Image-caption web data
____________

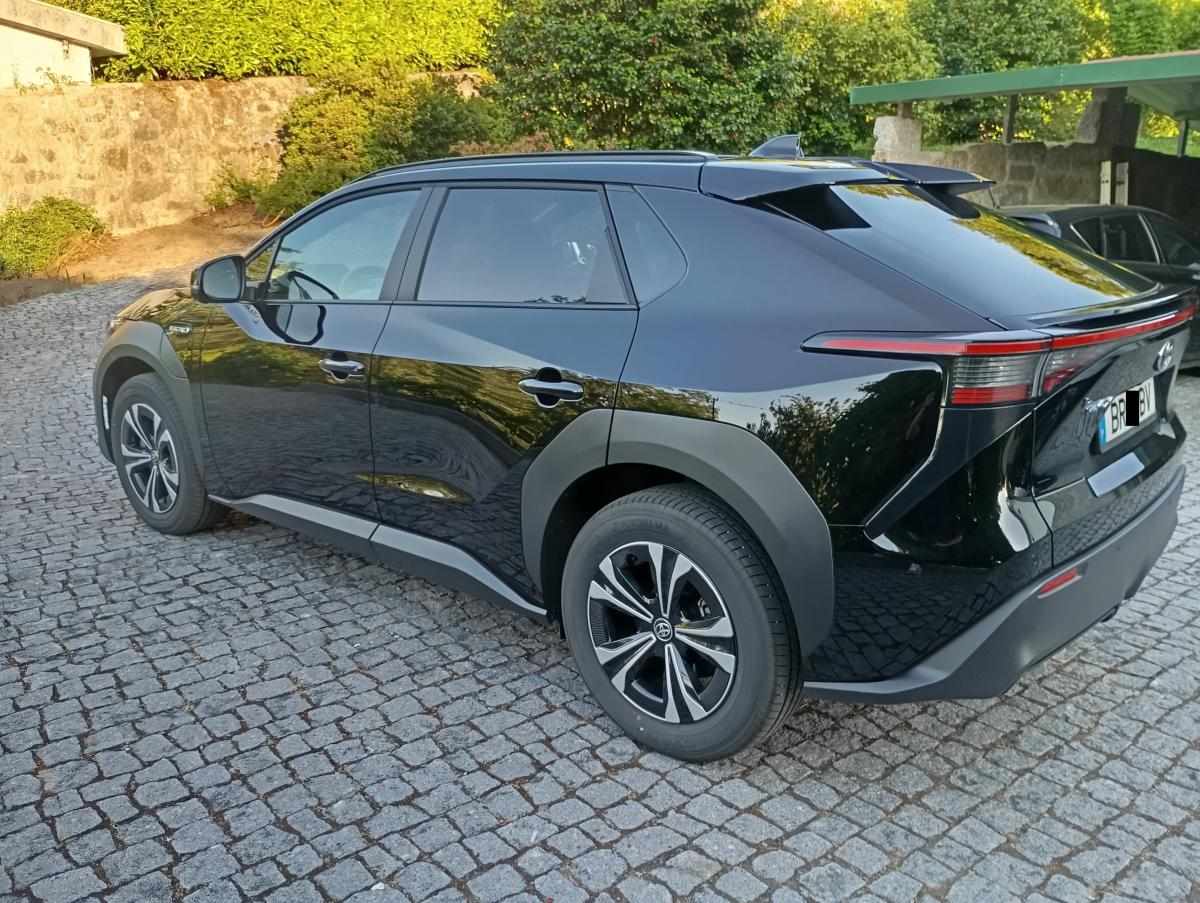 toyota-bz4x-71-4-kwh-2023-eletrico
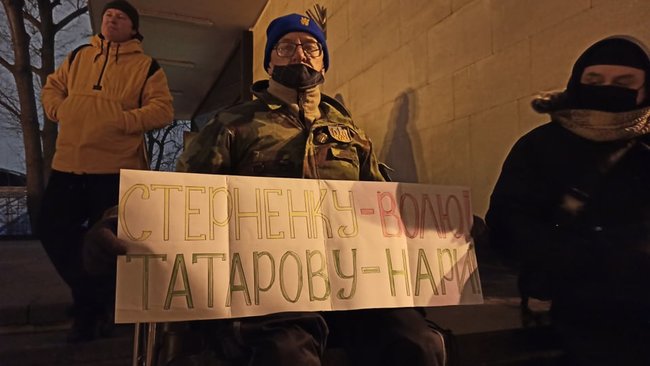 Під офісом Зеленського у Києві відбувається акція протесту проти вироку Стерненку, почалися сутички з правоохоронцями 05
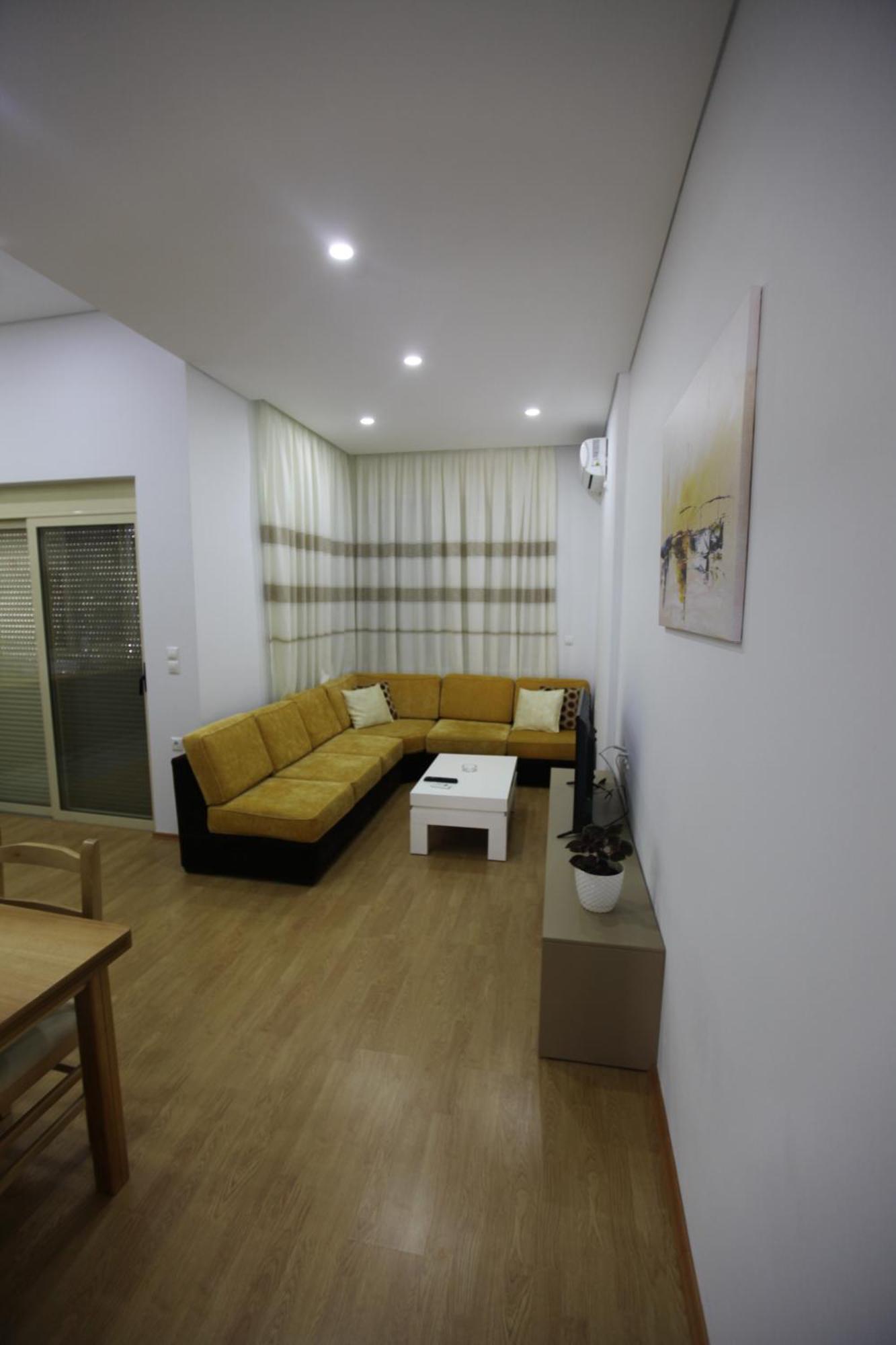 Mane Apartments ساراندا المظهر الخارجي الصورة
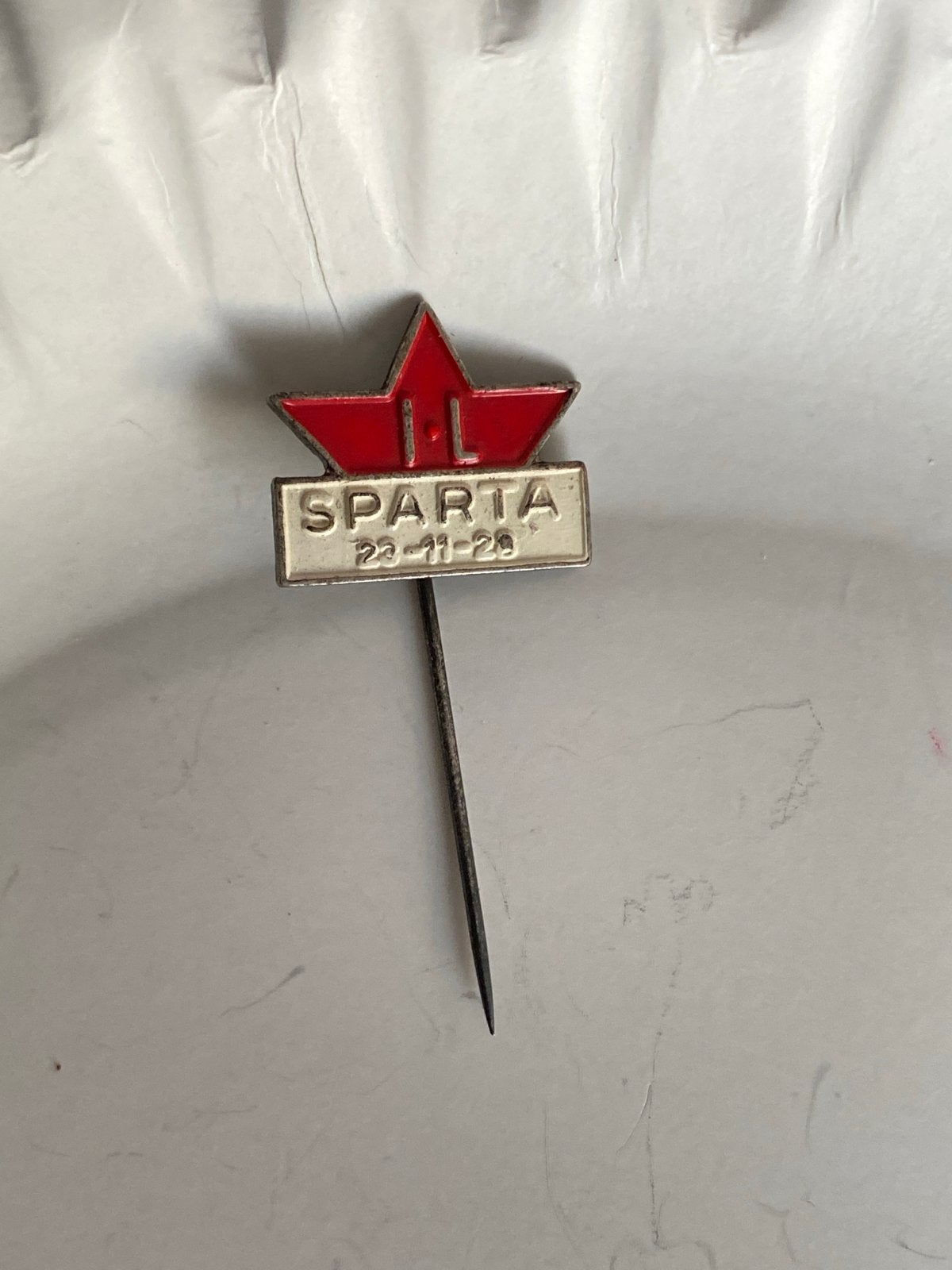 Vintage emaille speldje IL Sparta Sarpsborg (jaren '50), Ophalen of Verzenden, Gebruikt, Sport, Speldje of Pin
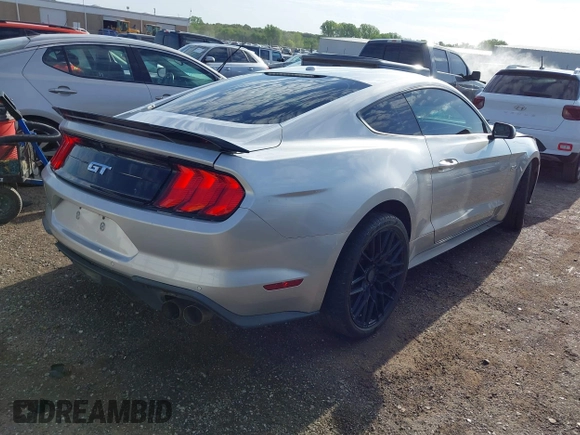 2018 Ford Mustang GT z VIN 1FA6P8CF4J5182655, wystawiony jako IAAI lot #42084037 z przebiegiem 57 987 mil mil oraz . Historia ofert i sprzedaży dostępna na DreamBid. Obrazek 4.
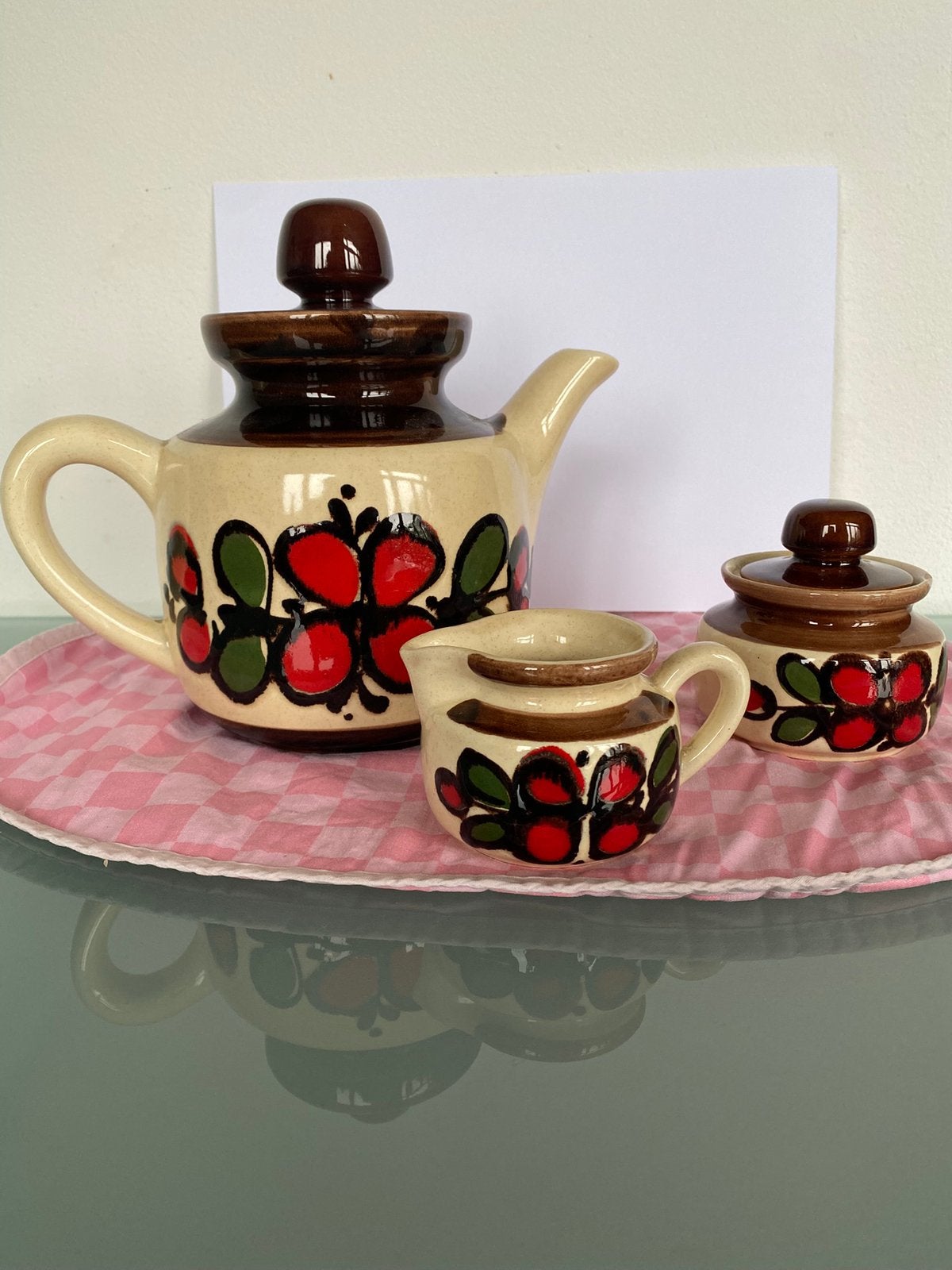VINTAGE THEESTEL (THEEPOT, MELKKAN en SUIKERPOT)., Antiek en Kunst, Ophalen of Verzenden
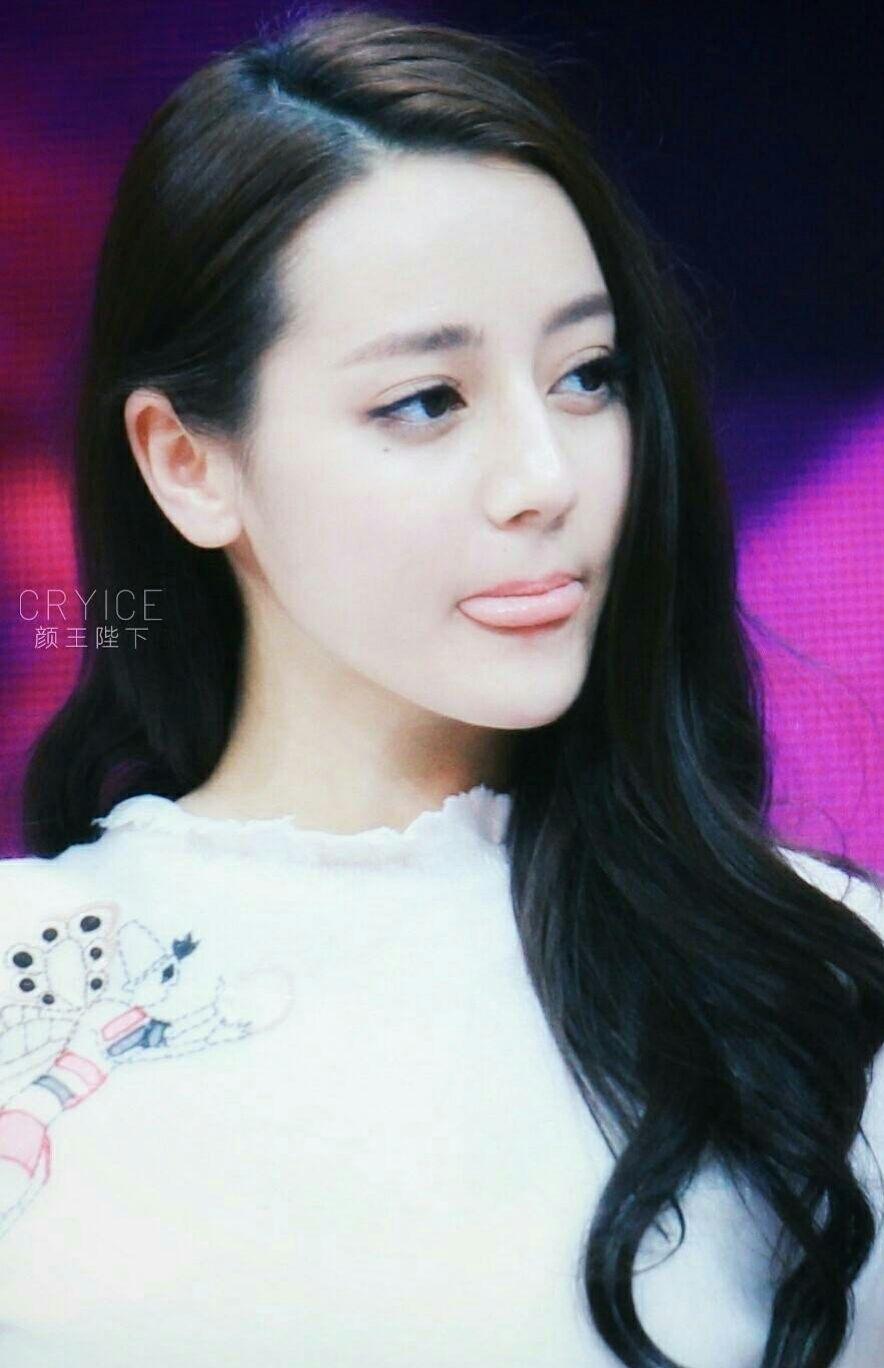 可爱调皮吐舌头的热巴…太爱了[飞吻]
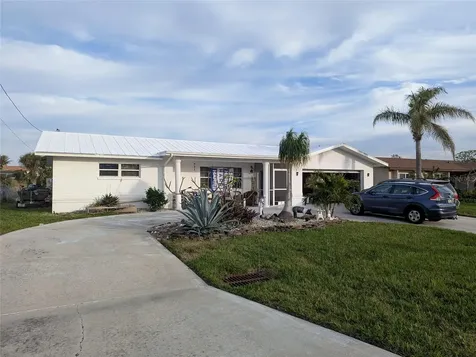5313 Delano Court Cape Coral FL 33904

____________

> [Requirement]
Output exactly the lines from the line containing "Vintage emaille speldje" through the last line of the records, both included, and leave out every picture.

> [Response area]
 Vintage emaille speldje IL Sparta Sarpsborg (jaren '50), Ophalen of Verzenden, Gebruikt, Sport, Speldje of Pin
 2018 Ford Mustang GT z VIN 1FA6P8CF4J5182655, wystawiony jako IAAI lot #42084037 z przebiegiem 57 987 mil mil oraz . Historia ofert i sprzedaży dostępna na DreamBid. Obrazek 4.
VINTAGE THEESTEL (THEEPOT, MELKKAN en SUIKERPOT)., Antiek en Kunst, Ophalen of Verzenden
 可爱调皮吐舌头的热巴…太爱了[飞吻]
5313 Delano Court Cape Coral FL 33904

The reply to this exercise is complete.